A new paper released by NRDC today describes how California restored its energy efficiency leadership by enacting smart policies over the last decade. These energy efficiency programs provide enormous economic and environmental benefits to the state.
We released the paper at the U.C. Davis Energy Efficiency Center’s Symposium honoring Dr. Arthur Rosenfeld, recently retired member of the California Energy Commission. NRDC’s paper is dedicated to Dr. Rosenfeld, “whose visionary leadership in the field of energy efficiency has inspired new generations to follow in his footsteps.” If energy efficiency could carry a flag, it would look like the aptly named “Rosenfeld Curve:”
Per Capita Electricity Consumption
In the 1970s, California embarked on an uncharted path to pursue energy efficiency, and it has yielded impressive results. The idea that consumers can get the same level of service – light, heat, and other modern day necessities – while using less energy, once a new and untested concept, is now a proven tool to deliver huge benefits for consumers. A short list of benefits from energy efficiency includes: it saves customers money on their utility bills, creates net growth in jobs, helps drive the wheels of innovation, and it cleans the air and helps curb global warming to boot.
Energy efficiency programs help customers lower their energy bills by providing information and rebates on more efficient products. (Find out what programs you can take advantage of by calling your local utility or Flex Your Power.)
In the early 1990s, California became a leader on energy efficiency, only to let its programs fall by the wayside as the state rushed into its now infamous deregulation experiment. In the aftermath of California’s electricity crisis, the state began reassembling the policies necessary to support energy efficiency. Smart policies enacted over the last decade have restored the state’s leadership, and the energy efficiency programs’ achievements are remarkable:
- California’s programs increased net benefits (that is, the benefits after deducting all the costs) to consumers nearly five-fold over the last decade, totaling nearly $5 billion.
- California increased its energy savings almost six-fold in the last decade, reaching more than 3,400 GWh of annual savings in 2008. (Translation: in 2008, the state saved the same amount of energy it takes to power all the households in San Francisco and San Mateo counties combined.)
- The efficiency costs less than half of what the baseload power that it replaces costs, coming in at 3 c/kWh instead of 8 c/kWh.
- California's economic productivity for every kWh of electricity consumed has improved over 50% in real dollars since 1980. (In contrast, the rest of the US has improved only 15%.)
- In 2008, the pollution savings from efficiency programs (which have accumulated since the state first began programs in earnest in the mid-1970s) totaled nearly 1,000 tons of smog-forming nitrogen-oxides and provided global warming pollution savings equivalent to the emissions from approximately 3 million cars.
California has shown once again that it’s faster, cheaper, and cleaner to save energy than to produce it.
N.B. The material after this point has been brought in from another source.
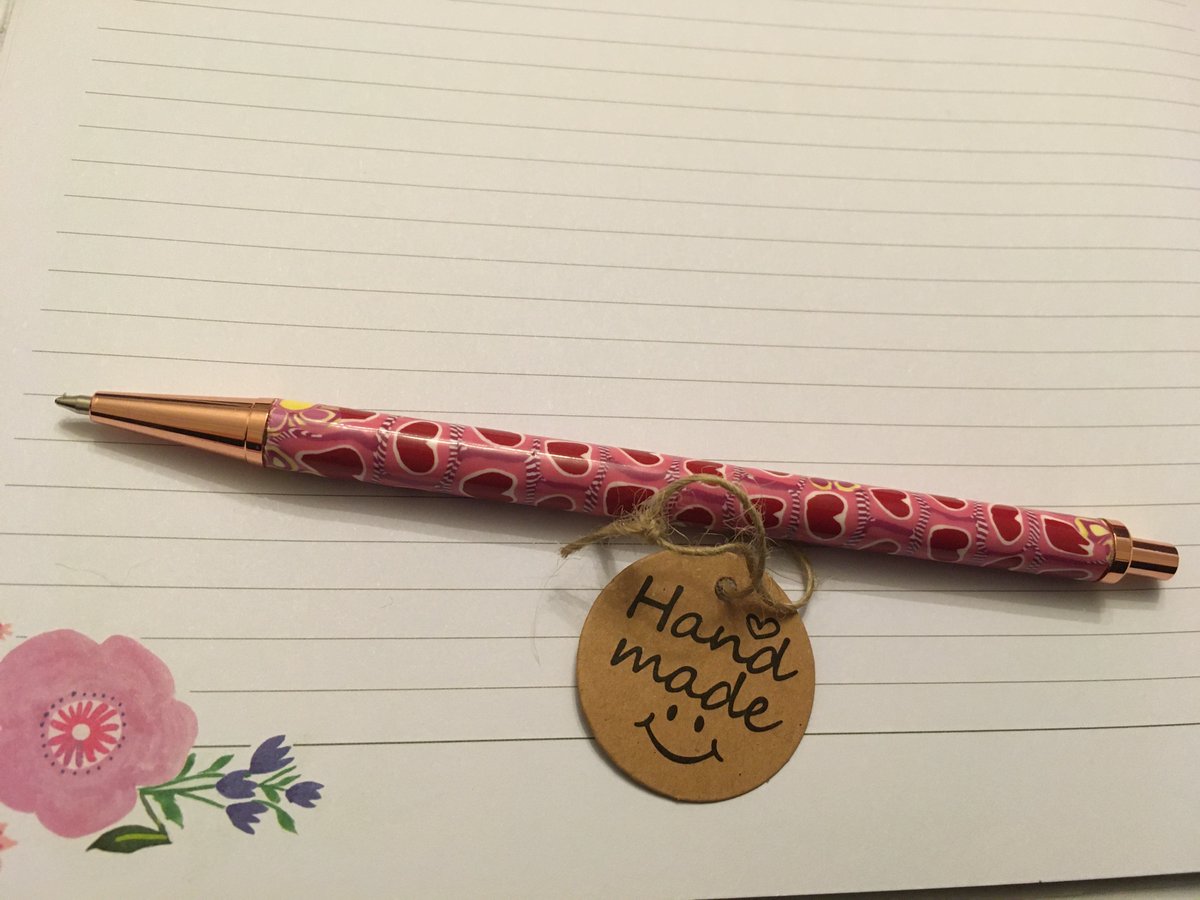sawdustnsparkle's tweet photo. This #PrettyPen with #heart design &amp; rose-gold finishing is REDUCED to £20 *for this weekend only* Being listed on Etsy on Monday at £25. If you'd like it, please PRIVATE MESSAGE for payment info.  FREE UK postage too📮 . CLICKY pen, ball-point, black ink. #ShopHandmadeHour https://t.co/SvY31VBC7u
And the state is far from exhausting the potential savings from efficiency. California regulators recently approved utility efficiency programs for the next three years that are expected to further increase savings and create 15,000 jobs.
Over the past decade, California re-established itself as a leader in energy efficiency, but with Congress poised to enact a nationwide limit on global warming pollution and consumers feeling the pinch of high utility bills, states around the country are now vying to take the lead on energy efficiency. For example, Massachusetts recently set its sights on surpassing California . California, the clean energy race is a competition in which everyone wins. We have pioneered energy efficiency before; we are the architects of innovative policy; and we already know how to harness the jobs and dollars that flow from energy efficiency. There is nothing holding us back now.